Book Review Forum on Sara E. Davies’ Containing Contagion. An Introduction.

Reviewed by: Carl Grundy‐Warr 1,
PMCID: PMC8206982

Containing Contagion: The Politics of Disease Outbreaks in Southeast Asia. Sara E. Davies. Johns Hopkins University Press, Baltimore, USA, 2019, pp. xii + 212. ISBN 978‐1‐421‐42739‐3 (pbk).

The Singapore Journal of Tropical Geography invited three reviewers (Tim Brown, Alan Ingram, and Kate Seewald) to review Containing Contagion at a time of a global pandemic (COVID‐19), when procedures, practices, norms, and forms of regional and sub‐regional action to report and contain the spread of highly infectious disease are being critically challenged. In addition to the three reviews, we asked Sara E. Davies to respond (Davies, 2021).

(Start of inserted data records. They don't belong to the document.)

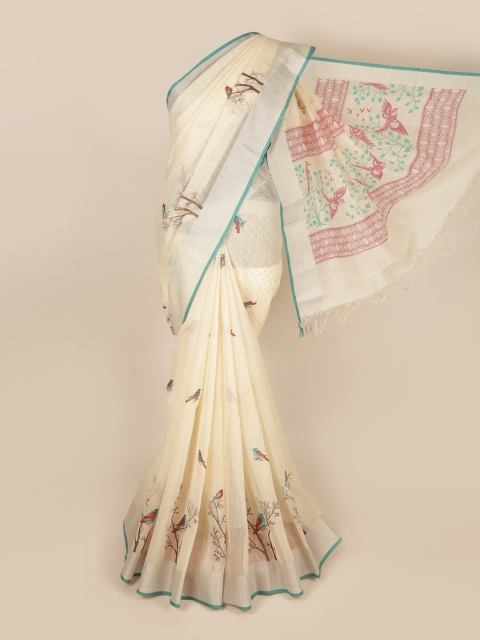 

Pothys Cream-Coloured & Blue Ethnic Motifs Embroidered Pure Cotton Saree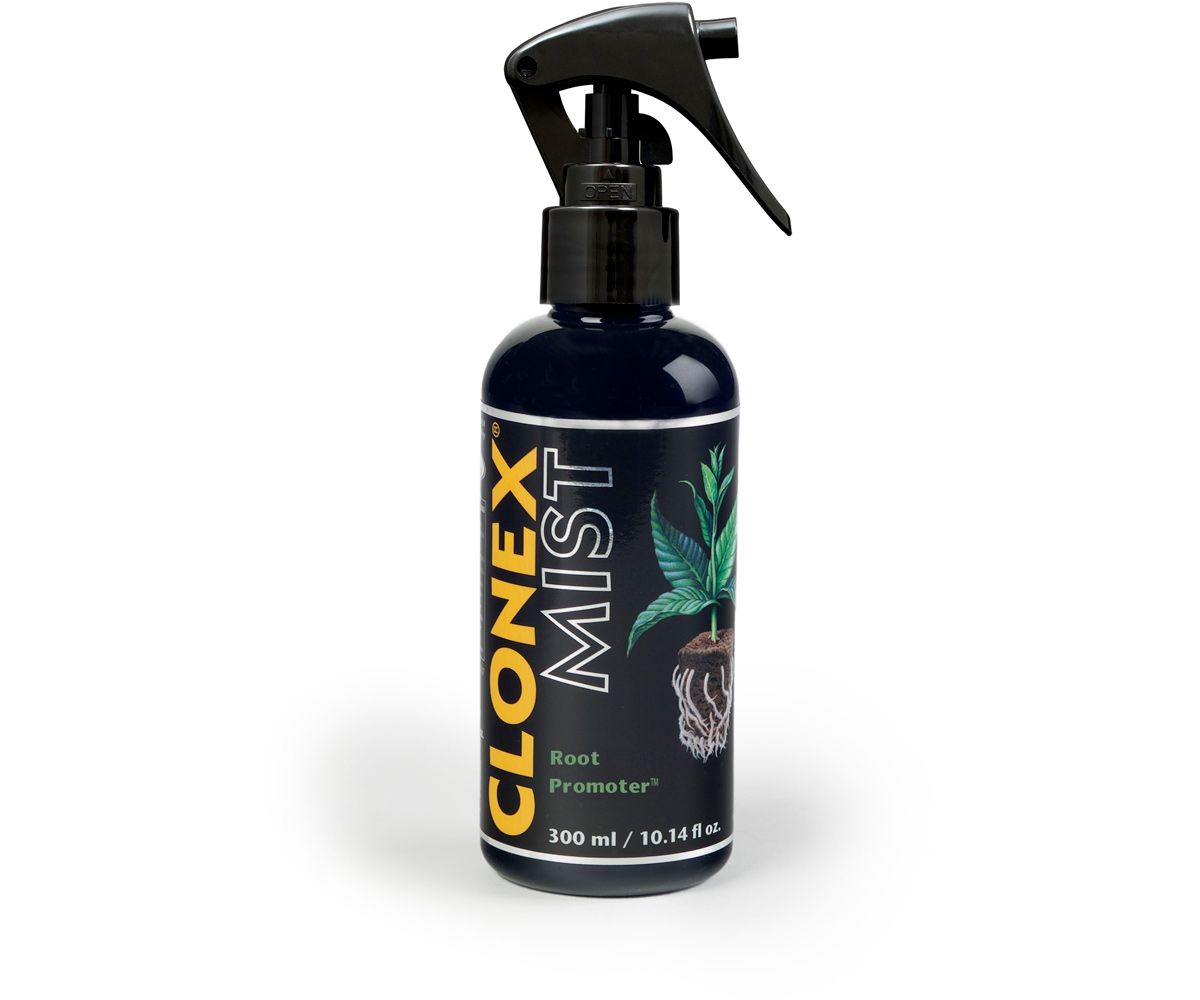 Black spray bottle labeled “CLONEX MIST” with a plant graphic on a white background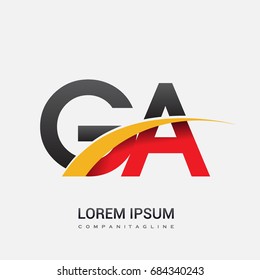 initial letter GA logotype company name colored red, black and yellow swoosh design. isolated on white background.
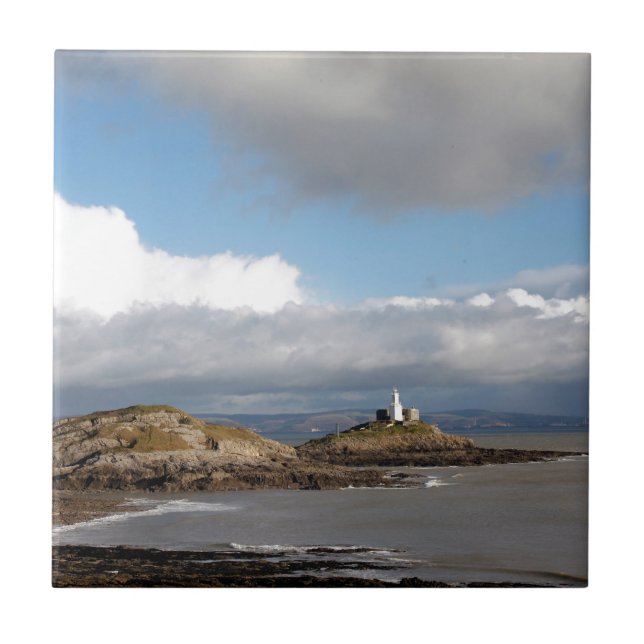 Kustlandskap och fyr kakelplatta (Framsidan)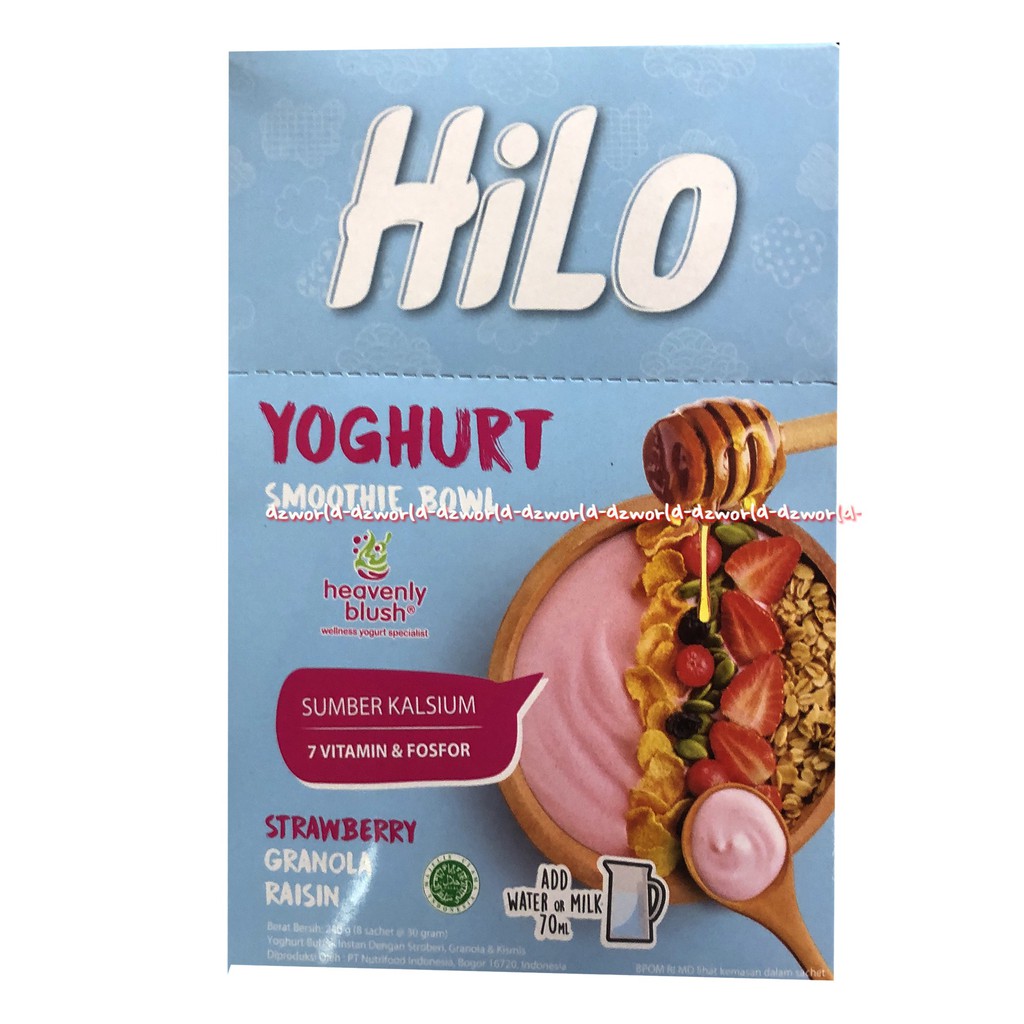 Hilo Yoghurt Heavenly Blush Strawberry 8 Sachet Makanan Yogurt Instan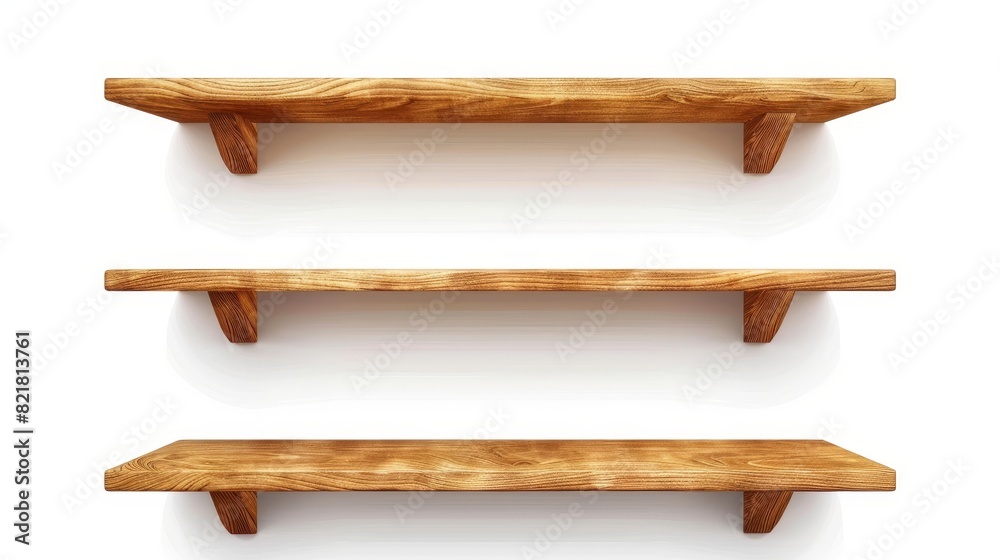 Set of 3D wooden shelves isolated on white background, interior design ...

Containing Contagion is written from an international relations perspective on the forms of international cooperation required to tackle transnational health security threats. In doing so it explores the intricacies and complexities of global‐regional and intra‐regional efforts aimed at generating international norms for disease surveillance, monitoring, preparedness and response. One of the themes running through the book is the geopolitical nature of public health security, discussed in terms of transnational health security threats, International Health Regulations (IHRs), and regional diplomacy which encompass a multi‐scale matrix that includes differing global, regional, financial, technical, national, and subnational institutions, agents and actors. The author explores health security issues based upon her access to the different tiers of public health regulation, from the World Health Organization (WHO), including the Western Pacific Regional Office (WPRO) and South East Asia Regional Office (SEARO), through to relevant officials in ASEAN, relevant Southeast Asian national health ministries, and Asia Pacific Strategy for Emerging Infectious Diseases (APSED) evaluation teams. This meticulous study enables readers to better appreciate the significance of health security issues and the vital role that formal and informal medical, technical and public health networks play in establishing and strengthening IHRs, preparedness against contagious diseases, and enhanced regional cooperation in tackling transnational health risks within Southeast Asia, and beyond.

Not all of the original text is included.